Important to know is that the conversion of $[0,1]$-scaled RGB to $YC_bC_r$ is done using the following equations (ITU-R BT.601 conversion):

$$ Y = 16 + ( 65.481 \cdot R + 128.553 \cdot G + 24.966 \cdot B) $$
$$ C_b = 128 + (-37.797 \cdot R - 74.203 \cdot G + 112.0 \cdot B) $$
$$ C_r = 128 + (112.0  \cdot R - 93.786 \cdot G - 18.214 \cdot B) $$

After conversion the components are handled as 8-bit unsigned integer planes.

In [10]:
# use method from skimage.io to read "color_example.jpg"
example_image = skimage.io.imread("color_example.jpg")  # TBD

show_image(example_image)

# access each color channel, and convert to [0,1] scaled values
R = example_image[:, :, 0] / 255.0
G = example_image[:, :, 1] / 255.0
B = example_image[:, :, 2] / 255.0


# show all channels
show_image(R)
show_image(G)
show_image(B)

FileNotFoundError: No such file: '/Users/basharatnaeem/Documents/color_example.jpg'

In [1]:
# just as a fun step, we create a new image (with same dimensions), and swap the channels to BGR
#   important if you use the R,G,B values from the previous cell, rescale to [0,255] values

channel_swap = np.zeros(example_image.shape, dtype=np.uint8)
channel_swap[:, :, 0] = (B * 255).astype(np.uint8)
channel_swap[:, :, 1] = (G * 255).astype(np.uint8)
channel_swap[:, :, 2] = (R * 255).astype(np.uint8)

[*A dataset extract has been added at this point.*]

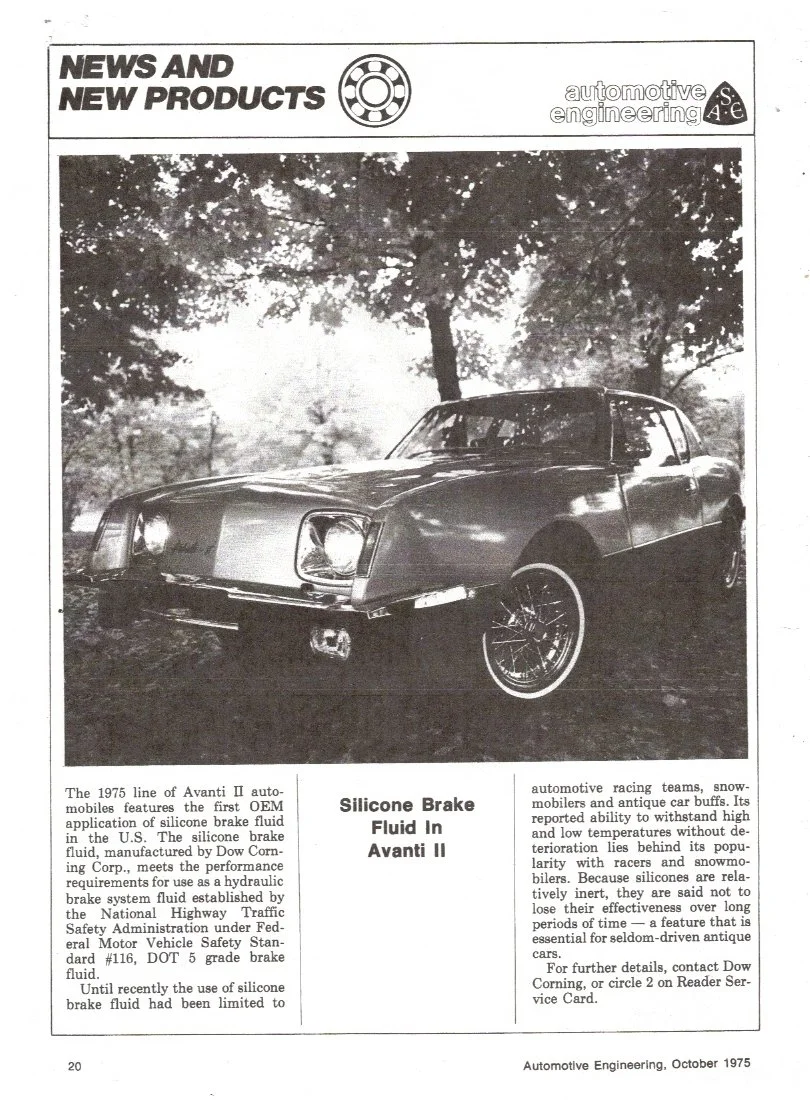 The Silicone Secret: A Guide to Avanti Brake Fluid Conversion and Maintenance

# and we show the channel swapped image
show_image(channel_swap)

NameError: name 'np' is not defined

In [2]:
# lets now convert the R,G,B image to Y, C_b, C_r
Y  = 16   + (65.481 * R + 128.553 * G + 24.966 * B)
Cb = 128  + (-37.797 * R - 74.203 * G + 112.0 * B)
Cr = 128  + (112.0 * R - 93.786 * G - 18.214 * B)



# important convert type to uint8 
Y = np.clip(Y, 0, 255).astype(np.uint8)
Cb = np.clip(Cb, 0, 255).astype(np.uint8)
Cr = np.clip(Cr, 0, 255).astype(np.uint8)


show_image(Y)
show_image(Cb)
show_image(Cr)

NameError: name 'R' is not defined

In [3]:
# put the steps before for RGB to Y C_b C_r conversion into one method
def rgb_to_y_cb_cr(img_rgb):
    """ method to convert a given RGB image to YC_bC_r according to the steps before,
    """
    
    R = img_rgb[:, :, 0] / 255.0
    G = img_rgb[:, :, 1] / 255.0
    B = img_rgb[:, :, 2] / 255.0

    Y  = 16   + (65.481 * R + 128.553 * G + 24.966 * B)
    Cb = 128  + (-37.797 * R - 74.203 * G + 112.0 * B)
    Cr = 128  + (112.0 * R - 93.786 * G - 18.214 * B)

    Y = np.clip(Y, 0, 255).astype(np.uint8)
    Cb = np.clip(Cb, 0, 255).astype(np.uint8)
    Cr = np.clip(Cr, 0, 255).astype(np.uint8)

    combined = np.zeros(img_rgb.shape, dtype=np.uint8)
    combined[:, :, 0] = Y
    combined[:, :, 1] = Cb
    combined[:, :, 2] = Cr
    return combined
# save the result

converted = rgb_to_y_cb_cr(example_image)
skimage.io.imsave("ycbcr.png", converted)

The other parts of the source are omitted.